WORK REQUEST
Give back the data exactly, with no images.

INFORMATION SUPPLIED

........

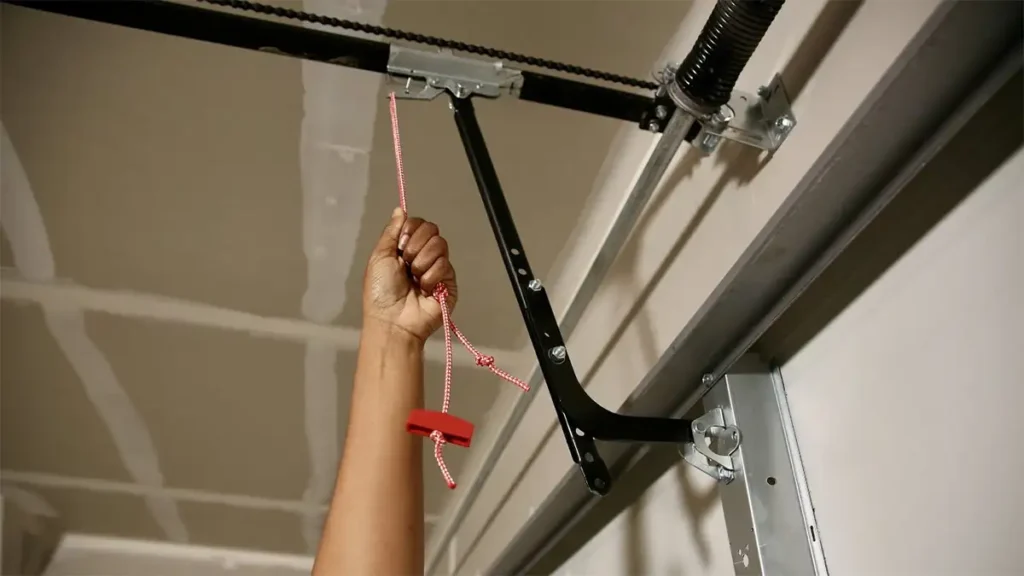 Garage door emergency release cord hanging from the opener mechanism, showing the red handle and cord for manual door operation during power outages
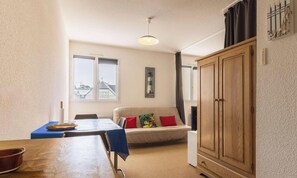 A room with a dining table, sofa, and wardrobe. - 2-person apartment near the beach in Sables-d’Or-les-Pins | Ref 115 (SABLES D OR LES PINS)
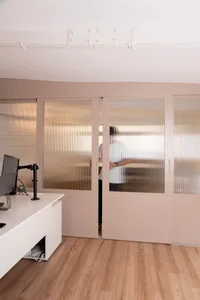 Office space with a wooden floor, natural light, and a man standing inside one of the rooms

........

ANSWER TO THIS PROBLEM
 Garage door emergency release cord hanging from the opener mechanism, showing the red handle and cord for manual door operation during power outages
 A room with a dining table, sofa, and wardrobe. - 2-person apartment near the beach in Sables-d’Or-les-Pins | Ref 115 (SABLES D OR LES PINS)
 Office space with a wooden floor, natural light, and a man standing inside one of the rooms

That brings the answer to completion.